Lipid A, the inflammatory portion of lipopolysaccharides (LPS, endotoxins), is the main component of the outer membrane of Gram-negative bacteria. Its bioactivity in humans and animals is strictly related to its chemical structure. In the present work, the fragmentation patterns of the singly charged monosodium [M + Na]+ and disodium [M – H + 2Na]+ adducts, as well as the protonated form of monophosphorylated lipid A species were investigated in detail using positive-ion electrospray ionization-based tandem (MS/MS) and multistage mass spectrometry (MSn) with low-energy collision-induced dissociation (CID). Several synthetic and native lipid A samples were included in the study.
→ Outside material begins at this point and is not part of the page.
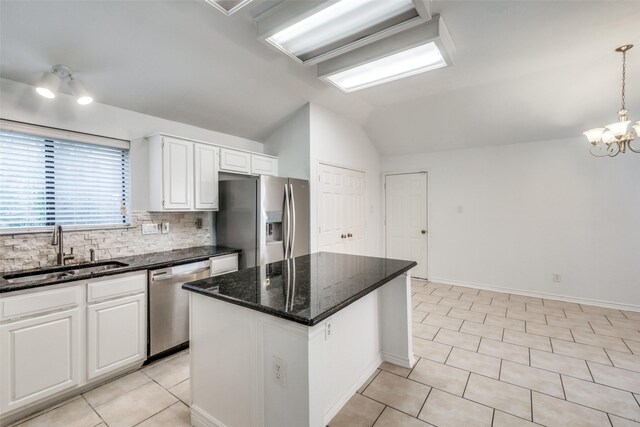 kitchen featuring stainless steel appliances, lofted ceiling, a kitchen island, white cabinets, and sink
We found that the fragmentation pattern of disodiated lipid A is quite similar to that of the well-characterized deprotonated lipid A molecule (typically detected in the negative-ion mode), while the fragmentation pattern of monosodiated lipid A contains fragment ions similar to those of both protonated and deprotonated lipid A molecules. In summary, we propose a new mass spectrometry approach based on the fragmentation regularities of only positively charged precursor ions to dissect the location of the phosphate group and fatty acid moieties on monophosphorylated lipid A. Moreover, this study provides a better understanding of the so-called “chimera mass spectra”, which are commonly detected during the fragmentation of native lipid A samples containing both C-1 and C-4′ phosphate positional isomers but rarely identified in negative-ion mode.